Data Revision Reveals Pensions Buying Far More Treasurys Than Previously Known

When we compiled yesterday’s Household Net Worth report for the second quarter, which is contained in the Fed’s quarterly Flow of Funds report, one thing stuck out: extensive data revisions to the nominal dollar amounts in both the Pension Funds and Corporate Bonds category.

We now know the reason: as Bank of America’s Hans Mikkelsen explains, in recent years and most recently in Q1, the Fed indicated that private defined benefit plans bought corporate bonds in recent years “but little Treasuries.” This is shown in the chart below.

However, as BofA observes, the latest data revisions as of 2Q shows the opposite: that Pensions bought Treasuries but little corporate bonds.

Here, BofA makes a good observation:

“We knew that the Fed’s flow of funds data is subject to large revisions, but in light of such revisions we are increasingly pondering whether it is useful at all.”

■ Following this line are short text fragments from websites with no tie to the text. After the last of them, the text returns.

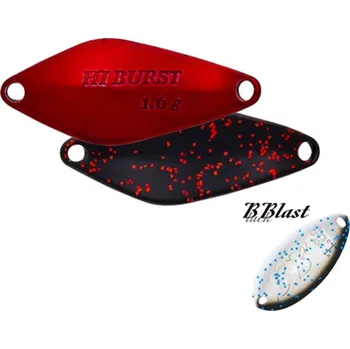 Umělá nástraha VALKEIN Black Blast 1,8 No.LT3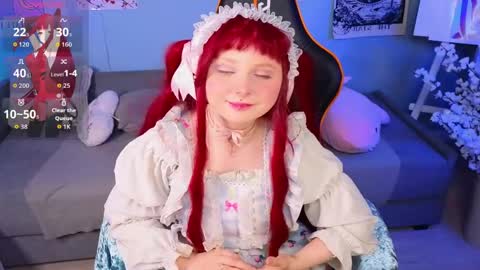 Draculaura online show from April 2026 11:36:01 AM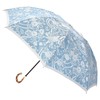 Makita Shoten Co., Ltd. 13660023 Women's Folding Mini Kirie Chintz
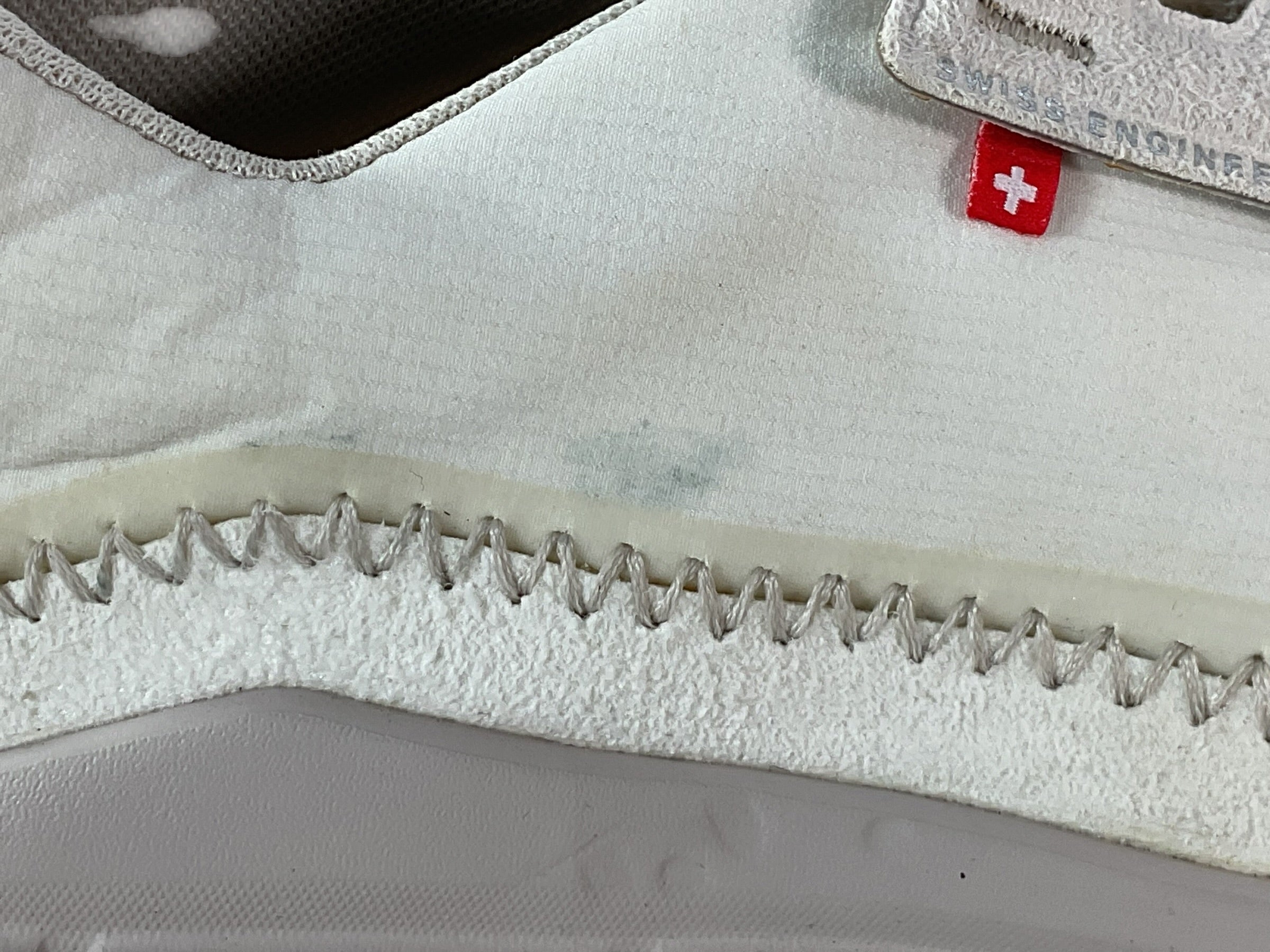 Tenis W10 (On Cloud)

That is a valid concern since after the GDP and unemployment report, the Flow of Funds is arguably the most report providing a glimpse on the state of everything from the financial sector, to the net worth of US households, which as we explained previously, is merely a “plug” category, yet which is so critical in determining whether US households are getting richer or poorer.

As for the pensions revision, at the very least the revised pick-up in pension buying of Treasuries this year is consistent the odd increase in stripped Treasury volumes which we documented previously.

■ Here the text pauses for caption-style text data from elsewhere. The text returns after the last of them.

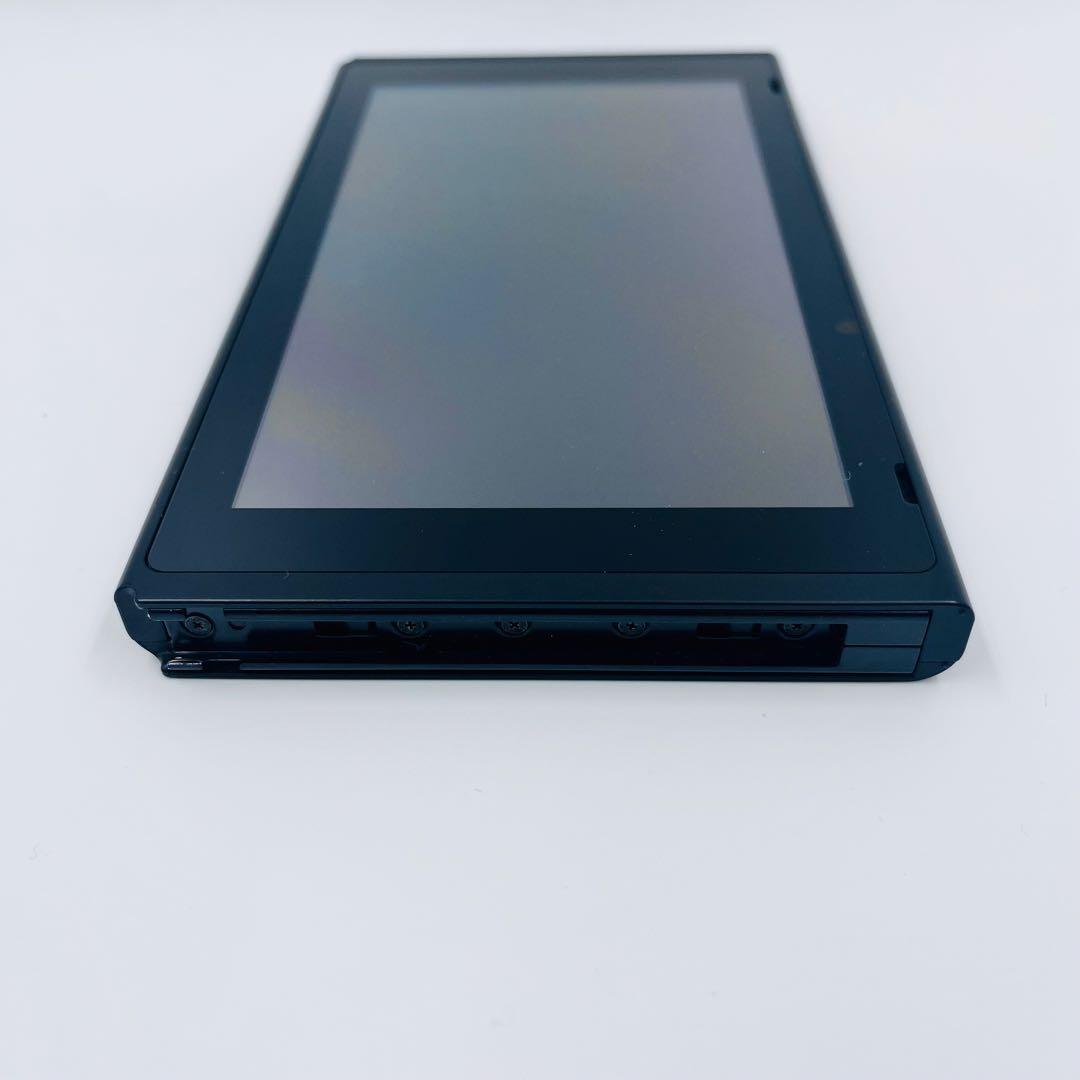 Nintendo Switch 本体のみXAJ スイッチ　2017 5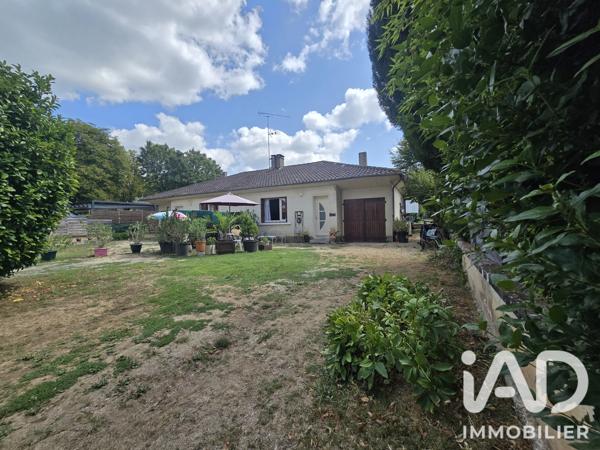 Maison à vendre 6 pièces 136 m² Prayssac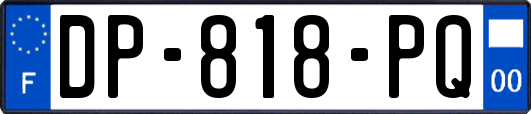 DP-818-PQ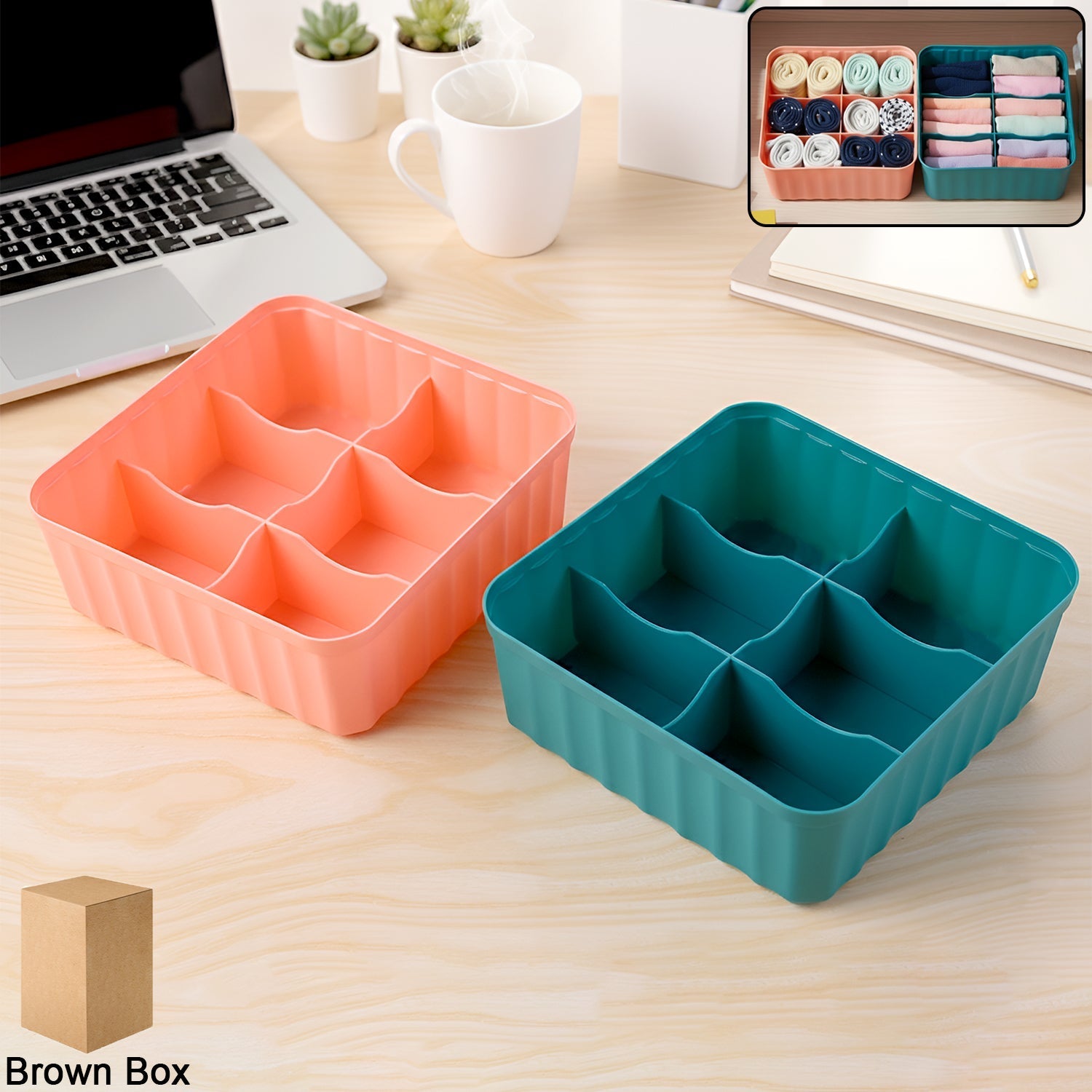 Organizer Box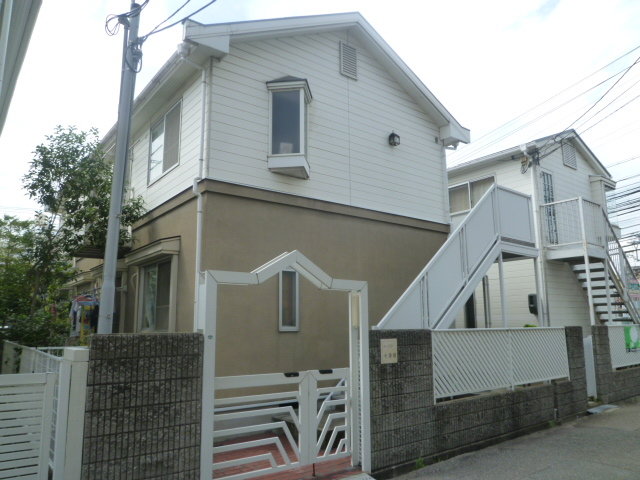イースト七番館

What may have caused the Fed’s error? One explanation is that stripped Treasuries were previously mis-classified as corporate bonds.

In any case, if the new data is correct, it would help explain the lack of flattening of the back end of the corporate yield curve this year relative to the Treasury curve (something we first discussed last year), where we now know that Pension funds have been an active buyer.